According to a Kremlin announcement, the agreement became a federal law after Putin’s endorsement and was accordingly forwarded to the relevant institutions to be implemented, reported Press TV.
The move had been approved earlier this month by Russia’s State Duma as well as the country’s Federal Assembly.
Apart from authorizing the creation of a free trade zone between Iran and the EU, the document would be meant to support their cooperation over a wide range of economic and commercial areas.
The EEU is comprised of Russia, Armenia, Belarus, Kazakhstan and Kyrgyzstan. It is an international organization created with the aim of encouraging regional economic integration through the free movement of goods, services and people within the union.
The bloc was established in 2015, after it superseded the Eurasian Economic Community that functioned from 2000 to 2014. The union has an integrated single market of 183 million people and a gross domestic product of over $4 trillion.
The EEU’s prime ministers resolved in March to make talks with Tehran a priority, scenting an opportunity to expand beyond the bloc’s combined market of 183 million people.
Russia’s President Putin said in August that Moscow wanted Iran to join the EEU – a move that was seen as crucial in bringing the two countries closer in their plans to form a strategic partnership.

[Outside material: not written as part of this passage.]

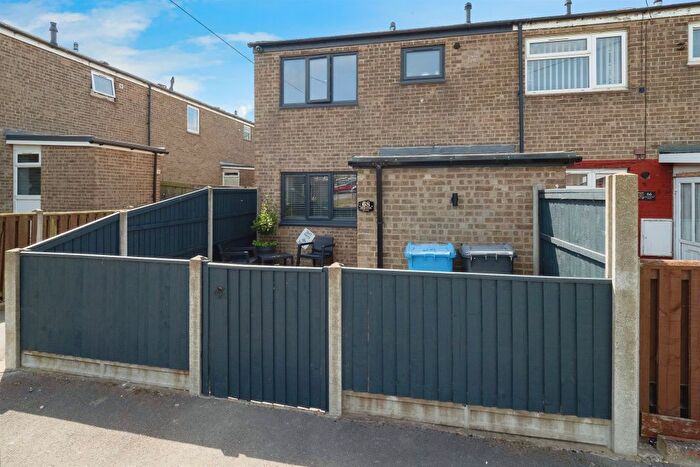 3 Bedroom Semi-Detached House For Sale In Thurlstone Close, Bransholme, Hull, HU7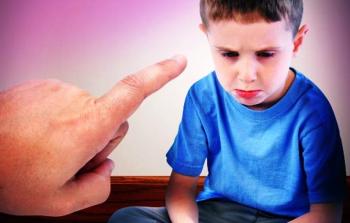 يجب حماية الابن من كل ما يضره وهي أمور كثيرة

“Iran is Russia’s longtime partner. We believe that bilateral relations will benefit from the reduction of tensions around Iran following the comprehensive agreement on the Iranian nuclear program,” Putin was quoted by the media as saying.
In September, the Kyrgyz envoy to Tehran underlining the need to further develop Iran-Kyrgyzstan trade relations said EEU is interested in developing trade exchanges with Iran.
Kyrgyzstan's Ambassador to Iran Avaz Beig Abdarazakov said that thanks to Iran's high capacities, the relations can be established in various fields.
Abdarazakov hoped that cultural, commercial and political relations between Iran and Kyrgyzstan will be promoted.
"We hail maintaining cooperation in food production, processing agricultural products, food canning industry and nectar production units," he added.
According to Rakhim Oshakbayev, the director of the Talap Center and a Kazakh political scientist who specializes in studying the EEU, the agreement between Iran and the EEU is a consequence of the withdrawal of the United States from the Iran deal.
"I think this is positive and it would mean that the foreign policy of the United States is not completely effective," he said.
Armenia also welcomed the free trade agreement between the EEU and Iran.
Armenia, the only EEU member state in the Caucasus, has been positioning itself as a trade partner to Iran via a free trade zone on its southern border.
Armenian Minister for Economic Development Artsvik Minasian said the deal would allow Armenia to serve as an important transit route between Iran and the wider EEU market.
"This is also an opportunity to manufacture some products in the Meghri free-trade zone," he told Azatutyun, Armenian news service.
Meghri, Armenia's border town with Iran, has become an important part of Armenia's economic strategy after a trade hub has opened there in December, 2017. The hub offers generous business terms for companies operating there.
"Companies operating in the Meghri will be exempt from profit tax, value added tax, excise tax and customs fees," the provincial governor's press secretary, Vazgen Sagatelyan, told Eurasianet recently.
"We expect the zone to attract 50 to 70 companies in the coming years, investing $100-130 million and creating more than 1,500 jobs."